韩稷站在廊檐下,眉头紧锁起来。难道真是他想多了么?
人往北城走,倒是也的确不一定非得就是在这间“闹鬼”的宅子。
他再看了眼四下,弯腰蹲地捡了颗石子,招呼贺群,抬脚往外院去。
屋梁上夹缝里藏着的两个人见状对视了一眼,拿出身后两把驽,瞄准韩稷背影,紧紧地勾住了弓弦!
两枝箭像夜里无光的流星,对准那缓缓行走的后背疾驰而去。
驽箭破空的声音被风声掩盖得干干净净。
眼看着将要没入皮肉,两人就要死于眼下,然而说时迟那时快,看上去浑然不觉这一切的韩稷突地一转眼,如同背后长了眼睛,刹时将手上石头掷出来,石头的去势堪堪劈中那两枝箭!而与此同时,贺群已然持剑刺向了驽箭来处,屋梁上藏着的两人,立时挟着弓驽往后园子里退去……

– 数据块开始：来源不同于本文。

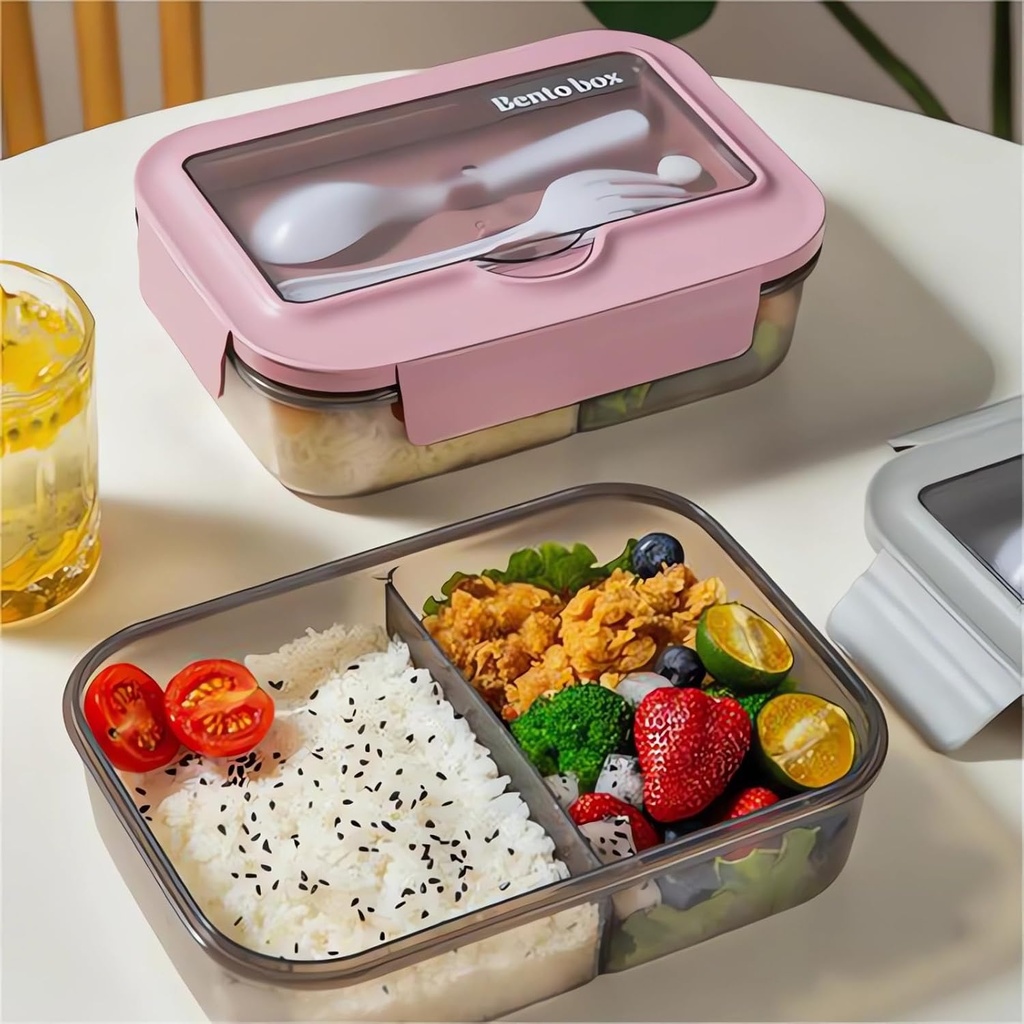 portable-lunch-box-with-2-compartments-l-4.jpg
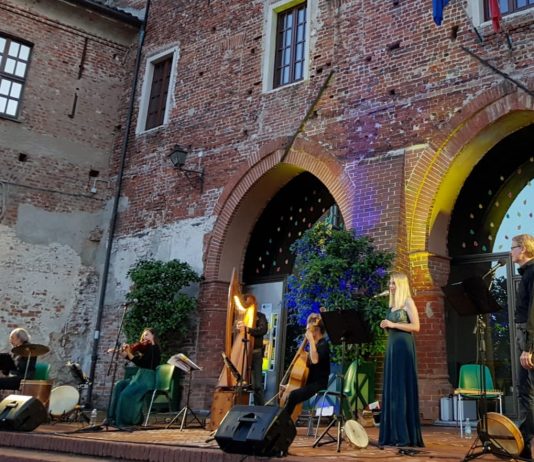 mese-della-cultura-carmagnola-programma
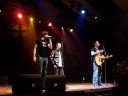Nick&Simon in Doetichem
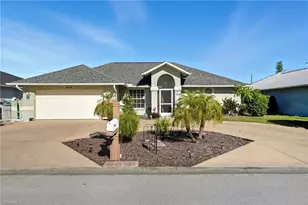 3626 Kent Dr, Naples, FL 34112 - Photo 1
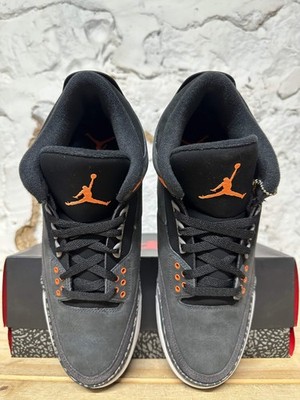 fear air jordan 1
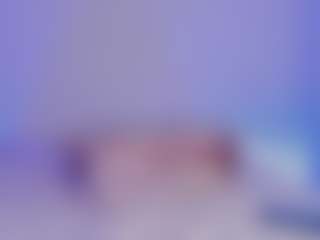 Naty cortes's Live Sex Cam Show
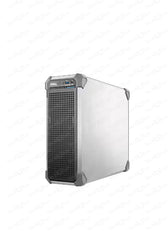 Dell PowerEdge T160 Tower Server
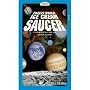 Space Food (Cookies and Cream)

靠近后园子里的罩房下,靠近雨槽的位置有个一尺见方的铁花窗。
铁花窗做得很细密,看上去是为了过滤杂物而设置,但是此刻窗内却有一张脸,准确的说是一个人,睁着阴鸷的双眼望着与身高差不多的地平线。月光透过铁窗照在他呈黯绿的衣衫上,分明是很正常的颜色,但因着这幽夜,这四边的风声,显得有丝心慑的怖意。
他盯着风里的长草看了片刻,负手走回来,打了个响指,便有人在黑暗里点了灯。
灯光很快照亮四周,这是个正常卧房大小的暗室,床椅板凳什么都有,甚至等闲人也用不着的琉璃灯,丝织蜀绣大屏风,以及波斯羊绒毯也有,地板是架空的沉香木地板,踩上去有轻微的咚咚的空响,再看四壁,居然也是用的同样的木头。
沉香木并不怕潮湿,用在暗室建造不会腐朽变形。但同时造价也极为不菲。
除了一屋子的奢华器具,还有四名只露出眼睛来的黑衣人,绑在太师椅上的一名男童。男童口里虽然塞着破布头,但仍然不妨碍辩认他的五官,浓眉大眼,华服于身,正是消失不见的景洛。
“你不认识我,我却认得你。
灯光照在这人的面目上,露出郑王久违于世的容颜。他退身坐在景洛对面的椅上,把玩着手上一把三寸来长的匕首,说道:“我本来都已经对你死心了,因为只要你不出宫来,我就根本不能把你怎么样。可谁知道你居然自己跑了出来,这就怪不得我了。”